I wasn't choosing between Kennedy and nobody. I was choosing between Kennedy with congressional oversight or Kennedy as a White House czar answering only to the president. One had guardrails. One didn't. I took commitments from him in writing.
And those commitments—the ones about the CDC website and vaccine safety—he's broken them?
Yes. The CDC page now questions whether vaccines cause autism. That was not supposed to happen. I can point to the asterisk on their website and show you exactly where the agreement was violated.
Do you think you made a mistake?
I think Kennedy made a mistake. He promised me something and didn't deliver. But I also think the administration has moved away from the anti-vaccine message since then. They've gotten off that, which is good.
What worries you most about what he's done?
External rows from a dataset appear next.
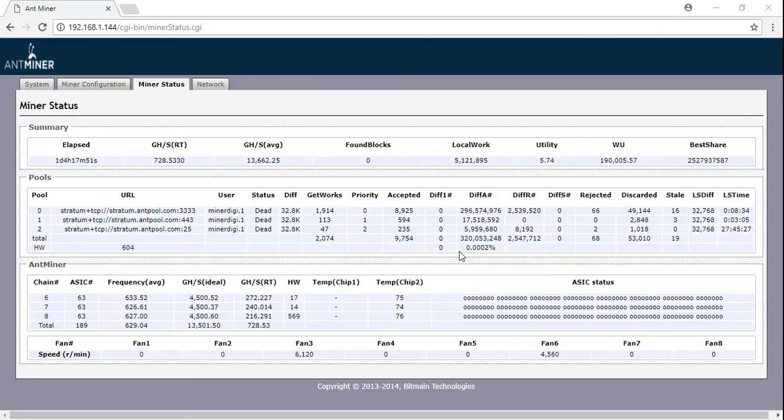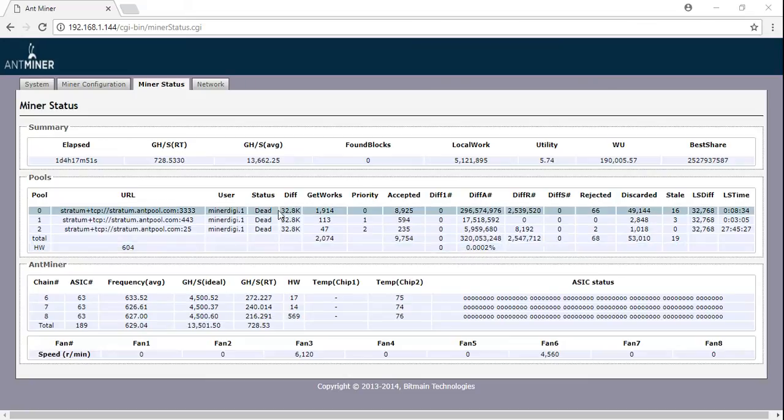Alright, well you got the infamous red fault button on your AntMiner. This is an easy and quick fix.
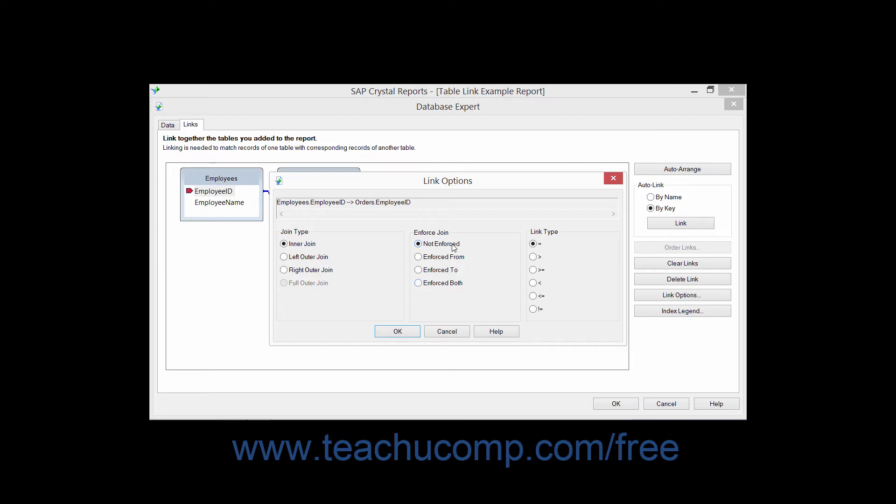If you select the Not Enforced option, which is the default, the link you create will only be used to extract records from the tables if a field from the table is used in the report, or if the table join is used to link to another table with fields used by the report.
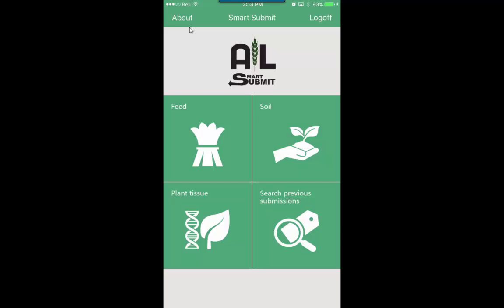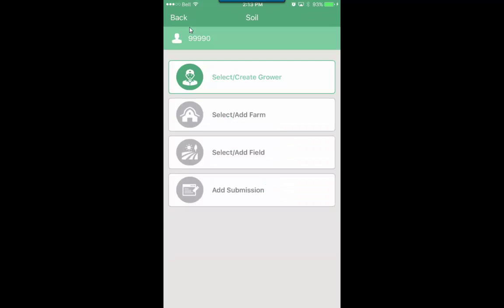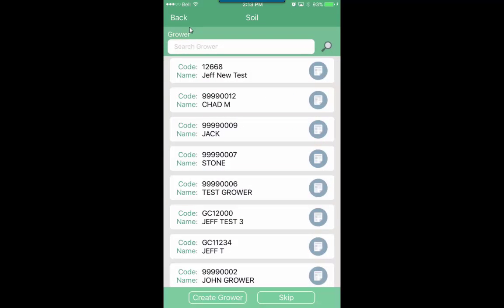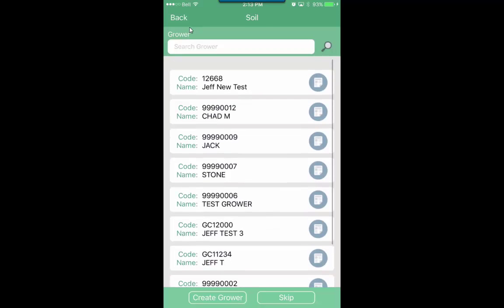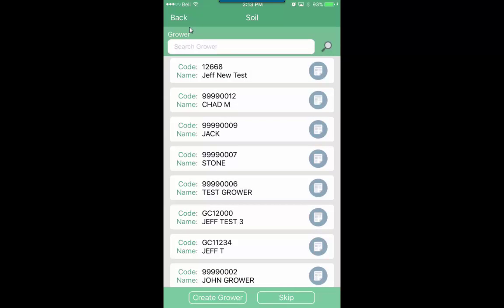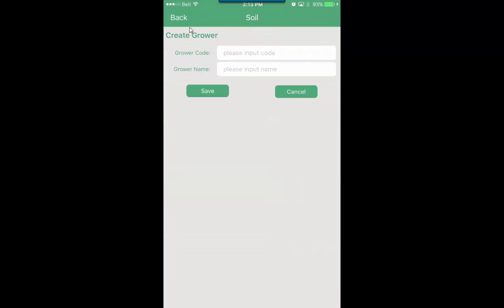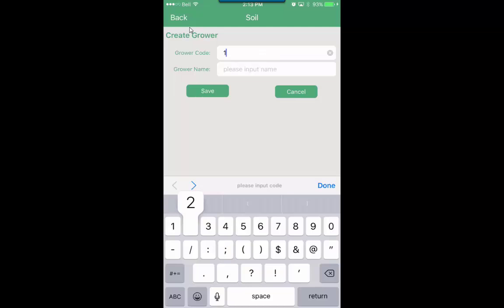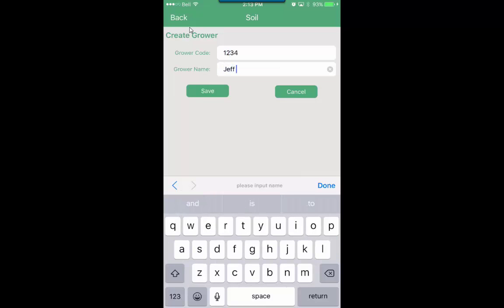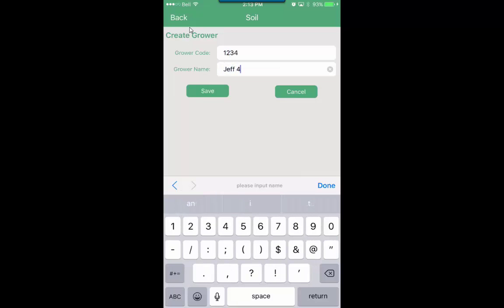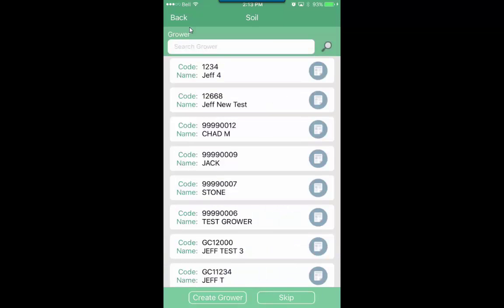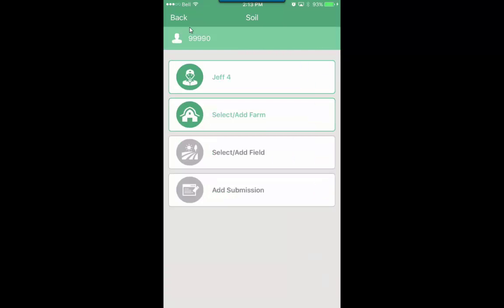We'll take a look at soil here quickly. We'll click on soil. From here you can select or create a grower. You can select a grower from the list here or we can create a new grower down at the bottom left hand side here. Give it a code and a name and save that. You'll notice that the one you just created is right at the top of the screen there, so we can select that grower.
The global piece. We're in competition with China for influence in Africa. PEPFAR and vaccine programs—that's soft power. It's cheaper than troops, it saves lives, and it makes people grateful to America. Kennedy gutted that because of his ideology about vaccines. Now people are dying of preventable diseases and we've damaged relationships we spent decades building.
Is there anything Kennedy got right?
His focus on ultra-processed foods. If he'd stayed there, the country would be much better off. But you can't separate that from the rest of it.